How do you read an allegory?
Reading an allegory means tracking two stories simultaneously: the literal narrative and the secondary meaning. A useful technique is to create a two-column mapping table:
For Animal Farm:
| Literal story | Allegorical meaning |
|---|---|
| Old Major (the pig) | Karl Marx / V.I. Lenin |
| The pigs taking control | The Bolsheviks seizing power |
| Napoleon driving out Snowball | Stalin exiling Trotsky |
| The windmill | Soviet industrialisation plans |
| "All animals are equal, but some are more equal than others" | Soviet totalitarianism betraying communist ideals |
Creating this mapping helps you write analytically about the text: rather than saying "Napoleon is a bad leader," you can say "Napoleon's corruption allegorises how the revolutionary ideals of equality are betrayed by those who gain power in their name."
How is allegory different from a metaphor?
A metaphor makes a single comparison between two things: "Napoleon was a wolf in sheep's clothing." It operates in one sentence or image.
An allegory extends this across the entire text: Napoleon is not compared to a dictator in one scene — he is, systematically and consistently, an embodiment of Stalin across every chapter of the novel. Every action he takes carries political meaning; his character exists to represent something beyond himself.
A good way to test this: if you can remove a device from the text without losing the story, it is probably a symbol or metaphor. If removing the secondary layer of meaning would make the entire text meaningless, it is allegory.
Why do writers use allegory?
Allegory has been used throughout literary history for a specific purpose: to make it safe to discuss dangerous ideas. Orwell wrote Animal Farm as a critique of Stalinist Russia when Stalin was an ally of Britain in the Second World War — attacking him directly would have been politically hazardous. By disguising the critique as a farmyard fable, Orwell could publish it while maintaining a degree of deniability.
Similarly, religious allegory allowed medieval writers to explore complex theological ideas through accessible stories, and political allegory allows contemporary writers to comment on power structures through fiction that avoids direct confrontation.
Frequently asked questions
Is every story with a moral an allegory?
No. A fable (like Aesop's fables) has a moral, but a moral is usually a single lesson stated at the end. An allegory is a sustained, systematic parallel where every element of the story maps to a secondary meaning. Most stories have themes without being allegories; an allegory requires that the entire narrative function as a representation of something else.
Do authors always intend their work to be read as allegory?
Not always. Some allegories are explicit — Bunyan's Pilgrim's Progress names characters "Faithful" and "Hopeful" to make the allegory clear. Others are more ambiguous: Lewis denied that The Lion, the Witch and the Wardrobe was intended as straightforward Christian allegory, preferring to call it a "supposition." At KS3 and GCSE, it is usually safer to write "the text can be read as an allegory for..." rather than asserting a definitive authorial intention.

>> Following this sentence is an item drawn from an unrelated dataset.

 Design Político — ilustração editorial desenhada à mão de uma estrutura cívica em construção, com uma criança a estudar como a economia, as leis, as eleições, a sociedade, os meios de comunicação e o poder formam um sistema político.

How do you write about allegory in an essay?
Name what is being allegorised and explain the mapping in specific detail. "The pigs can be seen as an allegory for the Soviet leadership" is a starting point; the stronger analysis connects specific characters or events to specific real-world parallels and explains what Orwell's point is in drawing that parallel. Ask: what does the allegorical reading reveal that the literal reading alone would not?
Can a short poem be an allegory?
Yes. Shorter allegories include Blake's "The Tyger" and "The Lamb" from Songs of Innocence and Experience, which can be read as allegories of innocence and experience, or of competing conceptions of God. Length does not determine whether something is allegorical — systematic, sustained parallel meaning does.